*** DATA BELOW ***
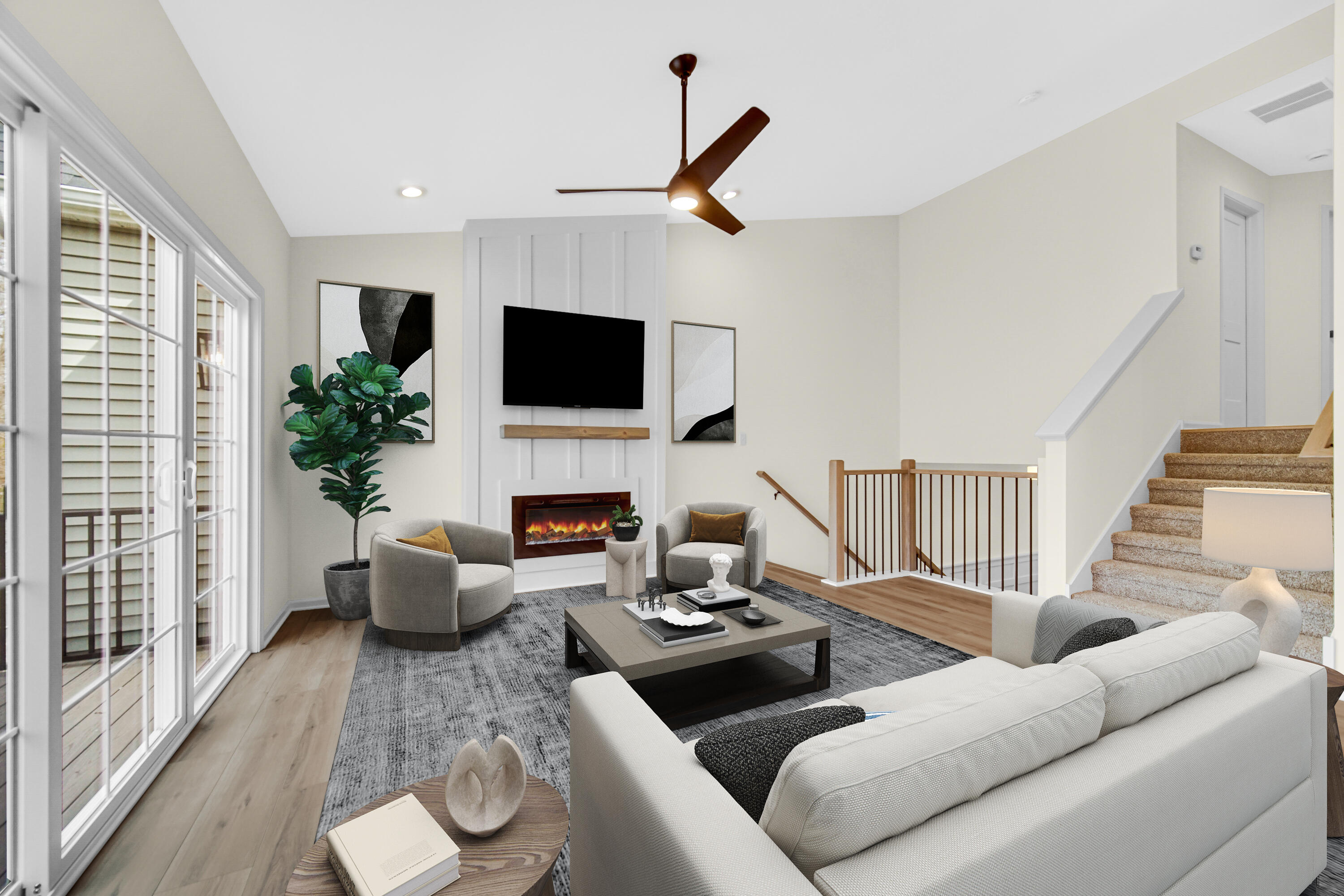 1602 Melanie Lane, Chesterton, IN 46304; Image #2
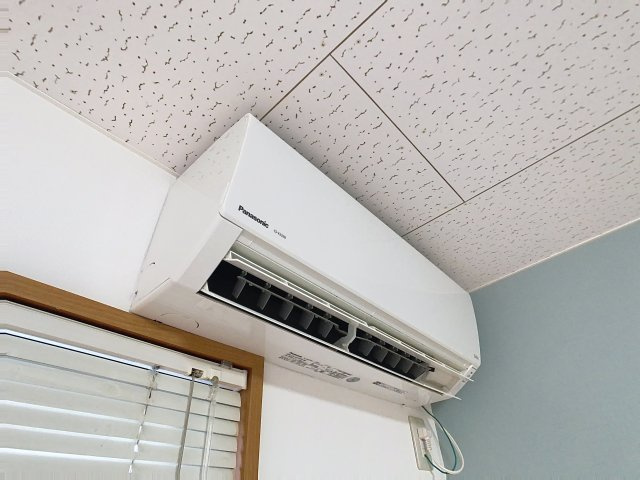 カリオンの設備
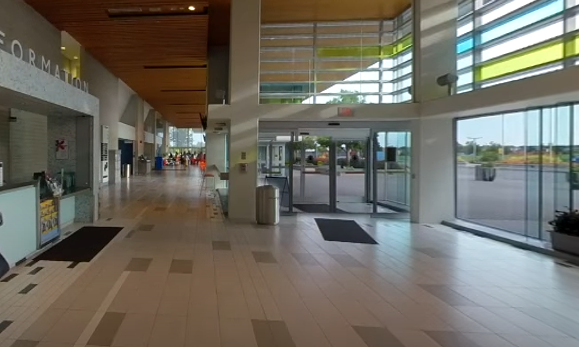 Brampton Soccer Centre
*** End of DATA BELOW ***
== EXERCISE GOAL ==
In copying the listing, reproduce each line exactly and omit the pictures.

== SOLUTION TO THIS PROBLEM ==
 1602 Melanie Lane, Chesterton, IN 46304; Image #2
 カリオンの設備
 Brampton Soccer Centre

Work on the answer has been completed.